AND SHOUTING YOUR OPINION DOESN'T TURN IT INTO TRUTH ANY MORE THAN SHOUTING AT A FOREIGNERS HELPS THEM UNDERSTAND YOU.
His recommendations are partisan, blindered, polemical rubbish from a bitter, disaffected culture war casualty.
Jesus Christ, Eugene. What the fuck is wrong with you?
I wasn’t going to bother with some Tennessee professor’s Instapundit substack, not when the excerpt you offered was so juvenile. But since apedad pointed out that nothing he said had anything to do with “free speech,” I felt obliged, at least, to look.
So: Well, first of all, he clearly doesn’t understand what “critical race theory" is. He is calling for eliminating an entire academic discipline and tying it, wrongly, to DEI initiatives. This is not a serious, “substantial,” or informed position. It’s nuts, and I am surprised that a cheerleader of academic freedom (at least when it comes to anti-LGBT issues) would just pass it along like it’s worth noting.
Another proposal – using some kind of Title VI or Title VII liability hook to force universities to protect students from “bullying” and “harassment” – runs directly contrary to a lot of your own writing on these issues. And it’s incoherent on its face! He doesn’t want university bureaucracies to police student harassment… he wants plaintiffs’ lawyers to… but obviously the way you reduce exposure to such lawsuits would be to… create bureaucracies to police student harassment. Right? How is that proposal even supposed to work?
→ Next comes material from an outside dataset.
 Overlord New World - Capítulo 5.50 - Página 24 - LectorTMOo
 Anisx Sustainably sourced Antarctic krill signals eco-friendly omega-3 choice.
A lot of this other grousing is just bizarre, old man-yelling-at-cloud nonsense. Reynolds figures that you can do something about anti-semitism by… reducing minority admissions, doing something about grade inflation, and expecting students to work a year or two before getting a degree. What nonsense is this? This is just more conservative professor gobbledy-gook. A stricter grading method in liberal arts classes is going to result in… what, exactly?
This is a load of crap, Eugene. You need to stop reading this shit.
Going for the pwn but with nothing on the substance. Love the intellectual challenge of this place.
Pretty low bar.
The intellectual level of this blog is a pretty low bar.
Which is precisely how the operators seem to like it. Those who preferred better have largely checked out.
But Reverend, you have stuck around for years, haven't you. So what are we to infer from that continued presence and participation of yours? It is puzzling, since you so infrequently, and then so ineffectively, engage with the substance of OPs and the comments of others. (Lately, you seem to be animated by antisemitism, that is your own, while decrying the bigotry you impute to others, particularly the VC conspirators.) Not too many years ago, your game was notably stronger, leaving us to wonder if you are declining intellectually in your sensesence.
I don't think merely calling it nuts is a compelling argument. Is it proposing a relatively major change. Certainly. Is it what I'd support, no it's not, but that's not really a reason why it's a bad proposal.
I don’t think merely calling it nuts is a compelling argument.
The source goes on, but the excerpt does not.